Security Update: Recent AT&T Data Breach and Important Security Tips
If you check technology news you will likely find dozens of stories about data breaches, ransomware attacks, and systems taken down because of attacks or to prevent data loss. The sheer number of these attacks can be overwhelming and make it hard to keep up with what you need to know.
This post discusses a recent attack that affected about 70 million customers as well as some important security tips that are best practice to help decrease the likelihood you will be the victim of one of these attacks.
Security Update: Recent AT&T Data Breach and Important Security Tips
AT&T Data Breach
In or before 2021, the data of around 70 million AT&T customers was breached, though AT&T has perpetually denied that the data came from them. At the time, the hacker responsible offered to sell the customer data on a hacking platform. Now, several years later and regardless of where the data was originally obtained, many AT&T customers have their data widely available. This data includes names, addresses, phone numbers, dates of birth and social security numbers.
What you can do - Change your AT&T password and verify you do not use the same user ID and password combination at any other site, or also change that account if it was reused. Also, search your email address on a security breach awareness website called "Have I been pwned" at https://haveibeenpwnd.com. This website will alert you to any data breaches that your email address was included in.
For more information about this data breach, read this article.
Important Security Tips
In some ways, it can feel impossible to protect yourself from risk. For example, when a company stores data on an unprotected Amazon storage bucket, and this does happen, there is nothing you could have done to protect against this type of breach.

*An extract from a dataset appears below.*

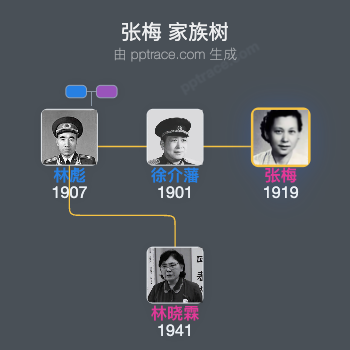 张梅 家族树全览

Additionally, when companies you use have hacked credit card terminals, or older, unused accounts are not decommissioned, there is not a lot that the average person can do to protect against these types of data vulnerabilities.
However, if we look at this from another angle, there are lots of things you can do to protect yourself. First, you can use unique user IDs and passwords for everywhere you create credentials. This may seems tedious, or even impossible, but keep in mind the more unique combinations of user IDs and passwords you use, the more you decrease your risk.
Consider having an account with a company that is breached, and through no fault of your own, your credentials are leaked. Every place you have also used these credentials is now at risk. You might think that nobody would guess you bank with X bank, or that who would know your favorite shop is X shop, but the attacks work because hackers test those credentials at thousands of sites in hopes of gaining access.
Yes, of course they are going to focus on major players - think banks as there are not that many, but also places like Amazon, Google, Apple, Uber, and other companies that have billions of user credentials. For hackers, this is merely a numbers game. If they try enough places, they are likely to find somewhere that your credentials work. This is why mixing up user IDs and credentials is one of the single most important things you can do to reduce your exposure and risk.
Another thing you can do, when creating these passwords, is to create them with complex passwords. It is true that if your password is breached by a company you use, having a complex password does not reduce your risk. However, where it does reduce your risk is when hackers try logging into user accounts using the most commonly used passwords, or using password crackers that can break simple passwords in minutes. The more you change up upper and lower case, add symbols and numbers, as well as increasing the length of your password, the longer it will take to crack that password because you have increased the number of possibilities.
A third thing you can do is to try and reduce the number of accounts you create. In reality, this is harder now than it used to be, and often times companies do not allow you to checkout as a guest, but do this where you can to limit the number of accounts you have. This is especially true for places you plan to order from only rarely. Don't allow companies to store your credit cards either, as this is just one more thing you have to worry about if they suffer from an attack.
In addition to the previous items, you always want to be sure you are careful where you input your private information. Verify the website you are on is sending your data securely, using the https protocol.
Keep in mind, you may have to click in the URL bar to verify the https:// precedes the domain name as this often is hidden.
The last thing we always recommend, and we have definitely mentioned before, but we believe is worth repeating again and again is to never reuse the credentials you use for the email you use to create login accounts at other websites. The reason this is so incredibly important is because this is the account you use to reset the password for your other accounts! If you use a simple password for your email and someone accesses your email, they can then use your email to find out where you likely do business by going through your emails. With this information, they can begin resetting important passwords in an effort to gain unauthorized access to your accounts and potentially lock you out.
AT&T's data breach is a perfect example of where something that happened years ago can still affect you today if you do not regularly change your passwords and use unique ID and password combinations with your login accounts. Remember to also create complex and lengthy passwords, have accounts only for accounts you use often, verify a website is secure before entering credentials, and never reuse your email password. These steps will help reduce the risk of your data being breached.
As always, the efforts you make to protect your data pay off in saved time, frustration and sometimes even protect you financially.